Stored data:
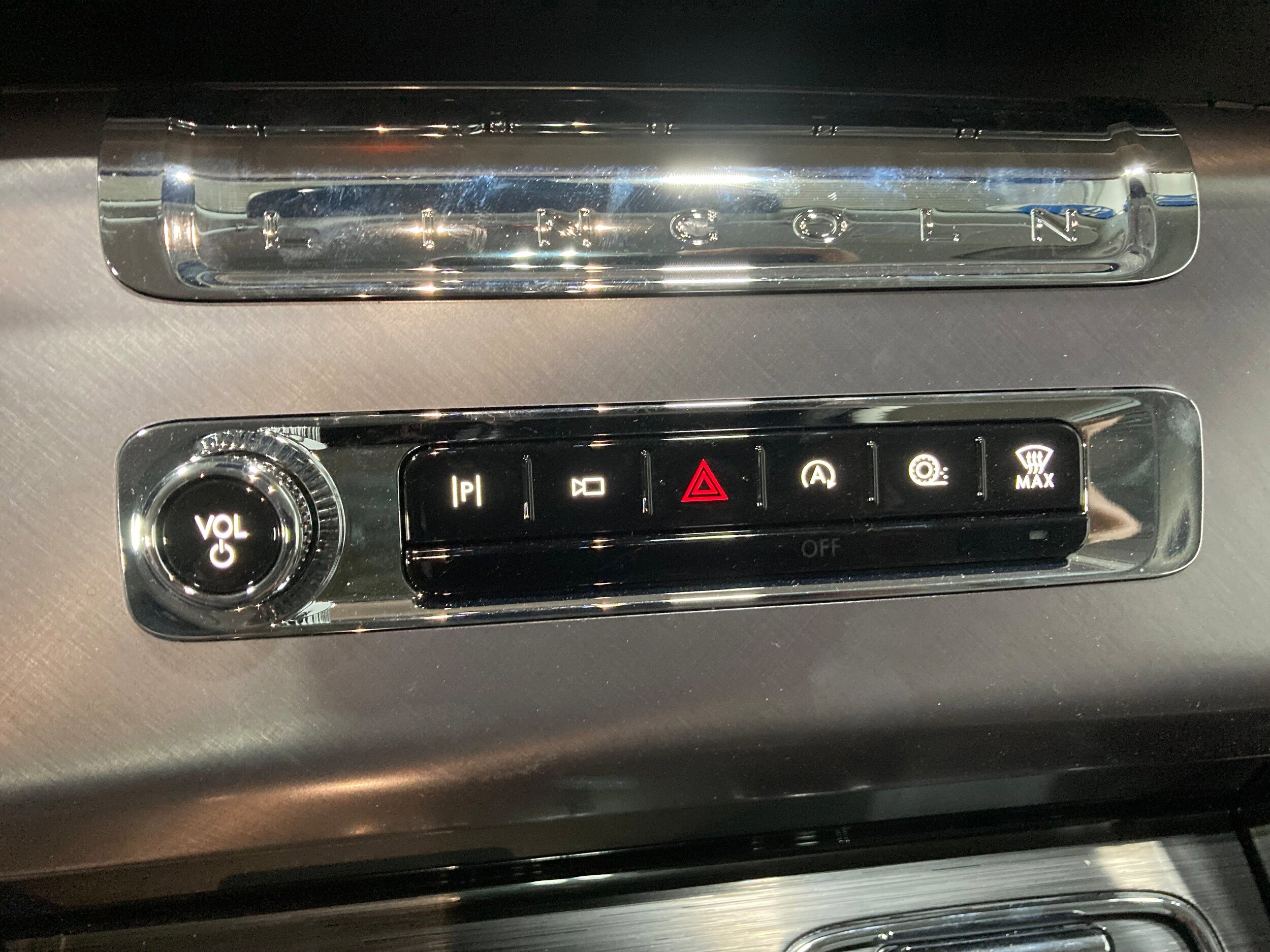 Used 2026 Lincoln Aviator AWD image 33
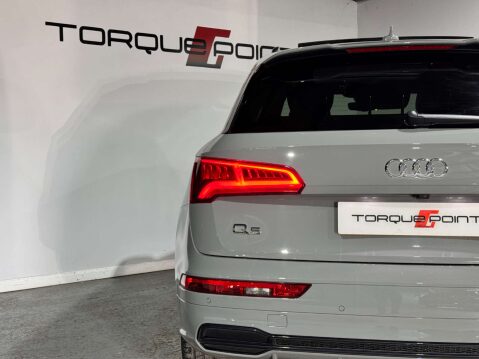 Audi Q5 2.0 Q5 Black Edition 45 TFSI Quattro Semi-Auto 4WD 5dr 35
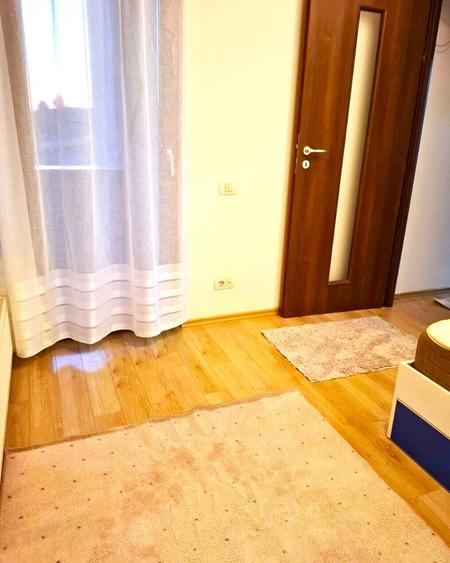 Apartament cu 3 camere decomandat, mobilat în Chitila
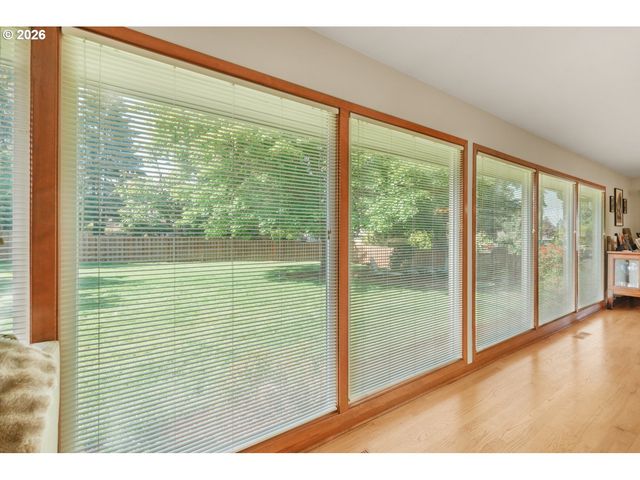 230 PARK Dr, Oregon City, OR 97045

What the task requires:
In your copy, leave out the pictures and reproduce the material above exactly.

Output of the task:
 Used 2026 Lincoln Aviator AWD image 33
 Audi Q5 2.0 Q5 Black Edition 45 TFSI Quattro Semi-Auto 4WD 5dr 35
 Apartament cu 3 camere decomandat, mobilat în Chitila
 230 PARK Dr, Oregon City, OR 97045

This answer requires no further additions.